### EXERCISE GOAL
Beneath this line are the data; copy exactly the part of them that opens with the line containing "this 1024×814 image." and closes with the line containing "this 278×169 image.", and only that part.

### DATA FOR THIS EXERCISE
- - - - -

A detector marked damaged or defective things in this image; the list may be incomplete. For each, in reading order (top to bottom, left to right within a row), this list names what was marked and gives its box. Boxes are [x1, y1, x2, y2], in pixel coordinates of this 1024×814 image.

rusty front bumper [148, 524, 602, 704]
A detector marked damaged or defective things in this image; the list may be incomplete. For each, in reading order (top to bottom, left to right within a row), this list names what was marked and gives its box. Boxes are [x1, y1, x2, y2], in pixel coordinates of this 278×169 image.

- - - - -

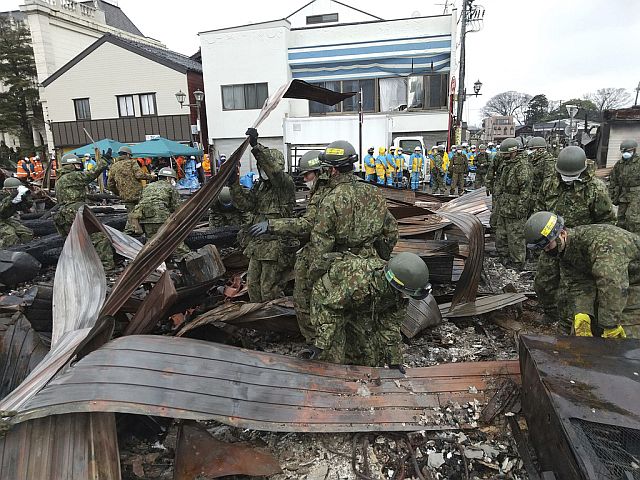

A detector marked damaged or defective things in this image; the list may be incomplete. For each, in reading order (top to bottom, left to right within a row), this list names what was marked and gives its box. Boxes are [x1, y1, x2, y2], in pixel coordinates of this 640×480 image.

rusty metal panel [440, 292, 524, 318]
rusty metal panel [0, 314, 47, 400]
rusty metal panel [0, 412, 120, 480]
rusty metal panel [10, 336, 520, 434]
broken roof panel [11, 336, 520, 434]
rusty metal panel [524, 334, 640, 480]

- - - - -

### OUTPUT OF THE EXERCISE
A detector marked damaged or defective things in this image; the list may be incomplete. For each, in reading order (top to bottom, left to right within a row), this list names what was marked and gives its box. Boxes are [x1, y1, x2, y2], in pixel coordinates of this 1024×814 image.

rusty front bumper [148, 524, 602, 704]
A detector marked damaged or defective things in this image; the list may be incomplete. For each, in reading order (top to bottom, left to right within a row), this list names what was marked and gives its box. Boxes are [x1, y1, x2, y2], in pixel coordinates of this 278×169 image.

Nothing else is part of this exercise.